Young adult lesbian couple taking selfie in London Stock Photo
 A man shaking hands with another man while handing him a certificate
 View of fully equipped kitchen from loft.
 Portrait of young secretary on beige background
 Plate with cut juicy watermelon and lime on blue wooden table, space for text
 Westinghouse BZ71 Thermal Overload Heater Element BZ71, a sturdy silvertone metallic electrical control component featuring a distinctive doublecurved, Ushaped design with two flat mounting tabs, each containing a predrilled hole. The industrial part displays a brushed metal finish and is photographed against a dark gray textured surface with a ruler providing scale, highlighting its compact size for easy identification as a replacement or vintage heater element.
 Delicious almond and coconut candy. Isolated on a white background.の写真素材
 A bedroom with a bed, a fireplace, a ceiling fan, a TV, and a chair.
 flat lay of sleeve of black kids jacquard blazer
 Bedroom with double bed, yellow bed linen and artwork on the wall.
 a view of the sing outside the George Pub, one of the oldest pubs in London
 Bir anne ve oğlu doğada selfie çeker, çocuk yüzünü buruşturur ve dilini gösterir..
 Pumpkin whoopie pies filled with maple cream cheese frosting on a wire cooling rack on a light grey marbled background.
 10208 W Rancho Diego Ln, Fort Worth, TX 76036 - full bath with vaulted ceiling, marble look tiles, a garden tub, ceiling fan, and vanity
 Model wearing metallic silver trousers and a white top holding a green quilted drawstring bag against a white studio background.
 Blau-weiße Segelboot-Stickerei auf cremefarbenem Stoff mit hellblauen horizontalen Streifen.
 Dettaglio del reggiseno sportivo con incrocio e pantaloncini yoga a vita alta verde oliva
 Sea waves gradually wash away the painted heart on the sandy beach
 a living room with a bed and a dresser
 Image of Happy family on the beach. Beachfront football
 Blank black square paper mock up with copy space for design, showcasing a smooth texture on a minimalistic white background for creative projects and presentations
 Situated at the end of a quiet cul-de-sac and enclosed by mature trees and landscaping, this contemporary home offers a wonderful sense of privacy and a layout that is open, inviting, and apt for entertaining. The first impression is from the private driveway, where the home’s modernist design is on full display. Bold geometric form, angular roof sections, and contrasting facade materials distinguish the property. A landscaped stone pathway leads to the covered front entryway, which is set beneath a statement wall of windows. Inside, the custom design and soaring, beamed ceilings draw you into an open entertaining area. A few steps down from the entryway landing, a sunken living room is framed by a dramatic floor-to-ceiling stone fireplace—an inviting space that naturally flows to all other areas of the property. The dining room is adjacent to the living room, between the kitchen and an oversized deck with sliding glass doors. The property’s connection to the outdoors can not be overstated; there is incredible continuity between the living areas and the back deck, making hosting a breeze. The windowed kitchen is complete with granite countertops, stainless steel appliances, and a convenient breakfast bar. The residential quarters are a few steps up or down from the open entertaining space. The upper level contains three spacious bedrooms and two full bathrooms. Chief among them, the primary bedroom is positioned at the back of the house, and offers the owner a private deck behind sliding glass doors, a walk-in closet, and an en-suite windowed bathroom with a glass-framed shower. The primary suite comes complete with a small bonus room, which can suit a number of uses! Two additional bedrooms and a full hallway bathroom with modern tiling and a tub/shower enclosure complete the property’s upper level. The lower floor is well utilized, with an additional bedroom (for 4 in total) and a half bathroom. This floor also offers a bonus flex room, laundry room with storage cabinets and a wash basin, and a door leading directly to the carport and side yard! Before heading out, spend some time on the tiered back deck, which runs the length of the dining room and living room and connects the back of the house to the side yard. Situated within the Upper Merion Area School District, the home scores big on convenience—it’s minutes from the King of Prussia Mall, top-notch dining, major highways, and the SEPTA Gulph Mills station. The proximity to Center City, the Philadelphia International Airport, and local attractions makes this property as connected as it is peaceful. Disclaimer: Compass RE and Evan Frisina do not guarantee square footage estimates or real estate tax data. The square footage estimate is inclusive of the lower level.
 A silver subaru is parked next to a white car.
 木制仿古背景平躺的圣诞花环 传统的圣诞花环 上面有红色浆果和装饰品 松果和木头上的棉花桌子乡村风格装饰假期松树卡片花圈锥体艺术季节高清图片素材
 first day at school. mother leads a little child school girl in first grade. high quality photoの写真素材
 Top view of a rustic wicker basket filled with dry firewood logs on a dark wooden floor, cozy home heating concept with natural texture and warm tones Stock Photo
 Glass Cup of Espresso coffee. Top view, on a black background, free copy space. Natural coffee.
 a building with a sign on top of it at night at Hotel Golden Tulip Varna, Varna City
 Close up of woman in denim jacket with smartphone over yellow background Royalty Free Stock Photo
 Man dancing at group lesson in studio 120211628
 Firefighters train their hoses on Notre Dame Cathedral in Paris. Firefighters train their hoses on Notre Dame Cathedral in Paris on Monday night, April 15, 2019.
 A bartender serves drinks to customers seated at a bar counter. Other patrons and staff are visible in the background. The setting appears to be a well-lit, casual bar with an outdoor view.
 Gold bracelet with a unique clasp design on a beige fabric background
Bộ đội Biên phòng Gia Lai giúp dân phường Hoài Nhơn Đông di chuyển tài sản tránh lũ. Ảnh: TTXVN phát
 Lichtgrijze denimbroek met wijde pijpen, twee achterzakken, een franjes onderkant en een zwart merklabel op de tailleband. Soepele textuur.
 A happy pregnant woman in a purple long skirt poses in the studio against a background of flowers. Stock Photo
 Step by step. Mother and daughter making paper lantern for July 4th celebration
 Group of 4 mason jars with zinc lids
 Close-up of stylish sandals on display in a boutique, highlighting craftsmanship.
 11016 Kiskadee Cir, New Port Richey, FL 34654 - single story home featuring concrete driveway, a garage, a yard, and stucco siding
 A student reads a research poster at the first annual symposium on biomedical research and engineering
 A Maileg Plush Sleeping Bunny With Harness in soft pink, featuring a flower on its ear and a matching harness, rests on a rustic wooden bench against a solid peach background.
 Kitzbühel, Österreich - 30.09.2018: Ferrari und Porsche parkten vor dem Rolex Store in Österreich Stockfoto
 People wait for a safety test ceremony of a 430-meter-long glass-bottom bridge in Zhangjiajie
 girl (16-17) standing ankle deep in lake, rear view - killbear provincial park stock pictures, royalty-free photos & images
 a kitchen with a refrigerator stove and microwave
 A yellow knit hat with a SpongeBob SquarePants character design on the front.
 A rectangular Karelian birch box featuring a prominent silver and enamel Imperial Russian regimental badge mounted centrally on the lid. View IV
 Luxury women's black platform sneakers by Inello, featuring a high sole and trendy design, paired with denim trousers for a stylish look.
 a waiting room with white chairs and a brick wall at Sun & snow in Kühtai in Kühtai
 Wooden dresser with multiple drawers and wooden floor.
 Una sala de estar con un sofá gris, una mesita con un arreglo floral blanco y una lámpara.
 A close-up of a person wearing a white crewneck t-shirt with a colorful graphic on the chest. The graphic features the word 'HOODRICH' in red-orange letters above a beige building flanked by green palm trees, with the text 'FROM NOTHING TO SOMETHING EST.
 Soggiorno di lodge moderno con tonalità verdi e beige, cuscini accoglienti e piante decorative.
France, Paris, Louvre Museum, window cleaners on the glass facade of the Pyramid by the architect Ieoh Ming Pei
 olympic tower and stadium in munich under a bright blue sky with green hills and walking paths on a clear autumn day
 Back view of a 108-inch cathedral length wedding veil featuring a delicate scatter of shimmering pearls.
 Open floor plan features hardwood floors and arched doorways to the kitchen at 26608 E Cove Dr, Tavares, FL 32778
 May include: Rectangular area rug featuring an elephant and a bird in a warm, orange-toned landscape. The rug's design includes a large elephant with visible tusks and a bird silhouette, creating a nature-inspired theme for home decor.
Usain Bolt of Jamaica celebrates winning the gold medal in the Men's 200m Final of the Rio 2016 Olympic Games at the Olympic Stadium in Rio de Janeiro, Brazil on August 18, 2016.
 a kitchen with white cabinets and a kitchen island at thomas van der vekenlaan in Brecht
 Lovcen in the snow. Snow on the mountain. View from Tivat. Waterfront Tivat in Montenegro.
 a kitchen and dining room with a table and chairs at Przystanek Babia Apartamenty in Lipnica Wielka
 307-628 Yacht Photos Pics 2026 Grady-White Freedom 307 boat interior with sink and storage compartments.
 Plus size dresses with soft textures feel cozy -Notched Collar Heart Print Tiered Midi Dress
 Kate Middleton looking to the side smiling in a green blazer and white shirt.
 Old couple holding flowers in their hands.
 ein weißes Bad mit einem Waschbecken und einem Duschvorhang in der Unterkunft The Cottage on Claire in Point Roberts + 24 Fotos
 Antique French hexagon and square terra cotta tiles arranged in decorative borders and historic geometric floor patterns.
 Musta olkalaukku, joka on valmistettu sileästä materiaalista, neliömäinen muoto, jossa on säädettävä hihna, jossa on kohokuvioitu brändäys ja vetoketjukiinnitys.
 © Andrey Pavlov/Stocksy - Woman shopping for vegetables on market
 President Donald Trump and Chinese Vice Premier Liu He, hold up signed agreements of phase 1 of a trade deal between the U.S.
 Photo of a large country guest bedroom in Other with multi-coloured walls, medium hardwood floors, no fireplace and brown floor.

- - -

> **Required work**:
Quote only the lines from the line containing "307-628 Yacht Photos" through the end of the listing, please, keeping both the first and the last line.

> **Output below**:
 307-628 Yacht Photos Pics 2026 Grady-White Freedom 307 boat interior with sink and storage compartments.
 Plus size dresses with soft textures feel cozy -Notched Collar Heart Print Tiered Midi Dress
 Kate Middleton looking to the side smiling in a green blazer and white shirt.
 Old couple holding flowers in their hands.
 ein weißes Bad mit einem Waschbecken und einem Duschvorhang in der Unterkunft The Cottage on Claire in Point Roberts + 24 Fotos
 Antique French hexagon and square terra cotta tiles arranged in decorative borders and historic geometric floor patterns.
 Musta olkalaukku, joka on valmistettu sileästä materiaalista, neliömäinen muoto, jossa on säädettävä hihna, jossa on kohokuvioitu brändäys ja vetoketjukiinnitys.
 © Andrey Pavlov/Stocksy - Woman shopping for vegetables on market
 President Donald Trump and Chinese Vice Premier Liu He, hold up signed agreements of phase 1 of a trade deal between the U.S.
 Photo of a large country guest bedroom in Other with multi-coloured walls, medium hardwood floors, no fireplace and brown floor.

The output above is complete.